• [REQUIRED WORK]:
Output, exactly and in full, only the lines from the one containing "Gee Ankle/Wrist Weights" to the last line of the data. Pictures should not appear.

(Items from a data source)
####

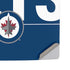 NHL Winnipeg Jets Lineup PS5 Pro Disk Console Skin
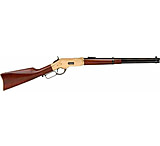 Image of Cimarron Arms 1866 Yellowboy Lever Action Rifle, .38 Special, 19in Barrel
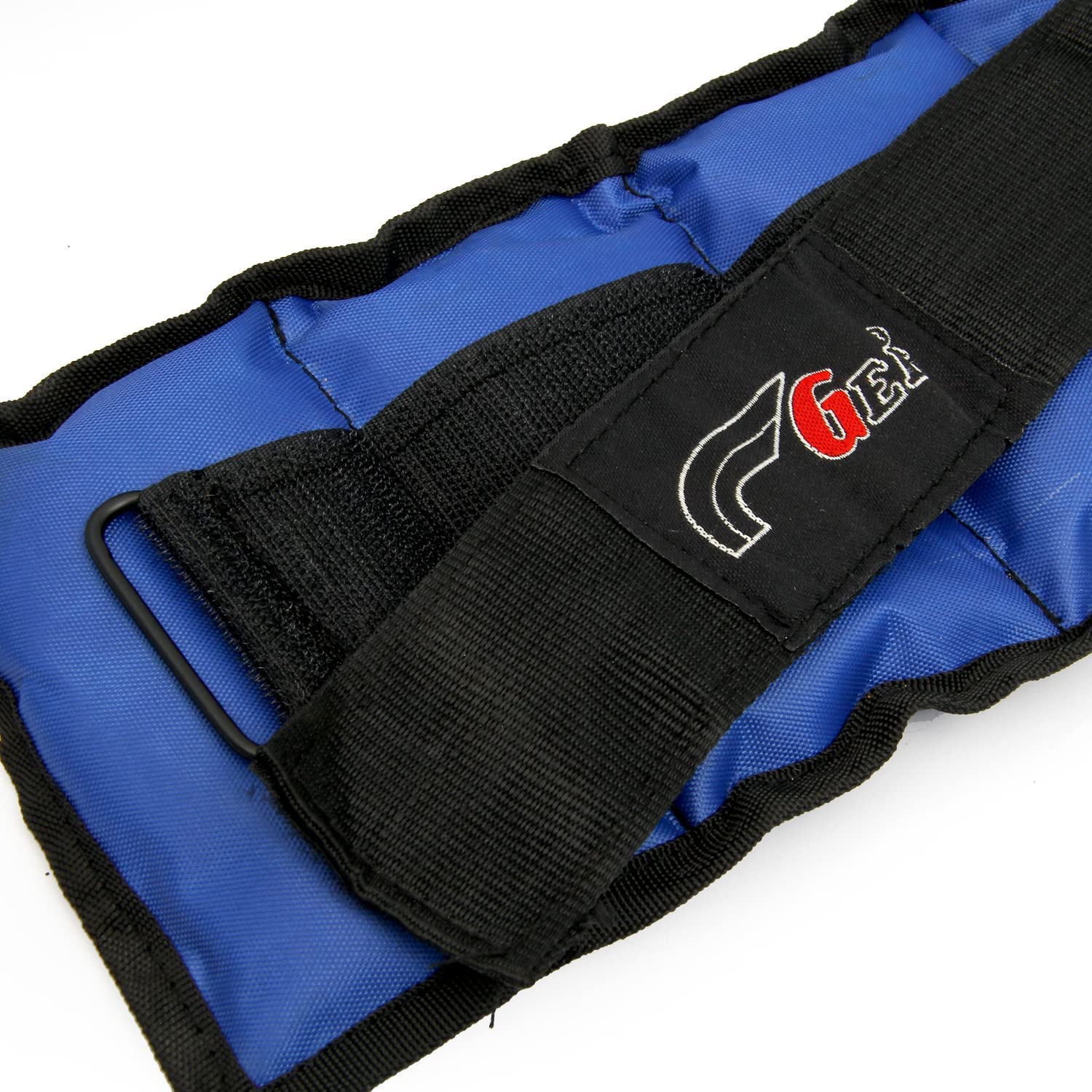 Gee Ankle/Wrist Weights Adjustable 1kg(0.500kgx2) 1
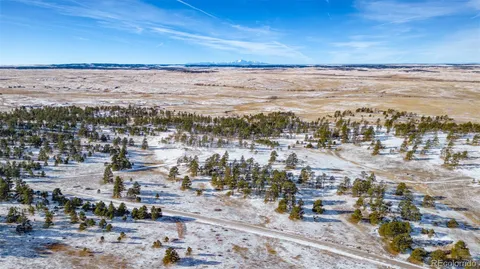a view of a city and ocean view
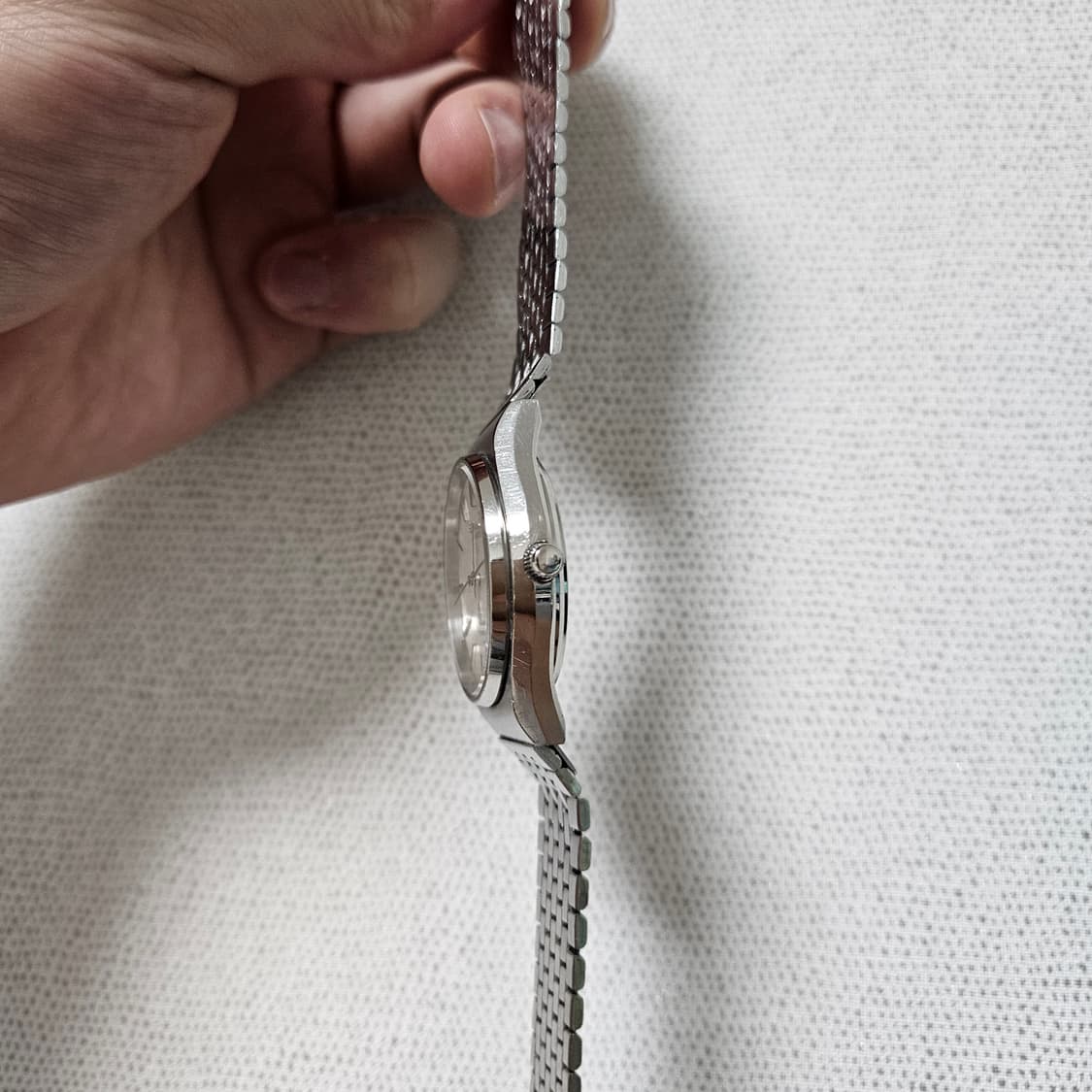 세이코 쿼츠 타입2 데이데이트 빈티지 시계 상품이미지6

####

• [OUTPUT FOR THIS TASK]:
 Gee Ankle/Wrist Weights Adjustable 1kg(0.500kgx2) 1
a view of a city and ocean view
 세이코 쿼츠 타입2 데이데이트 빈티지 시계 상품이미지6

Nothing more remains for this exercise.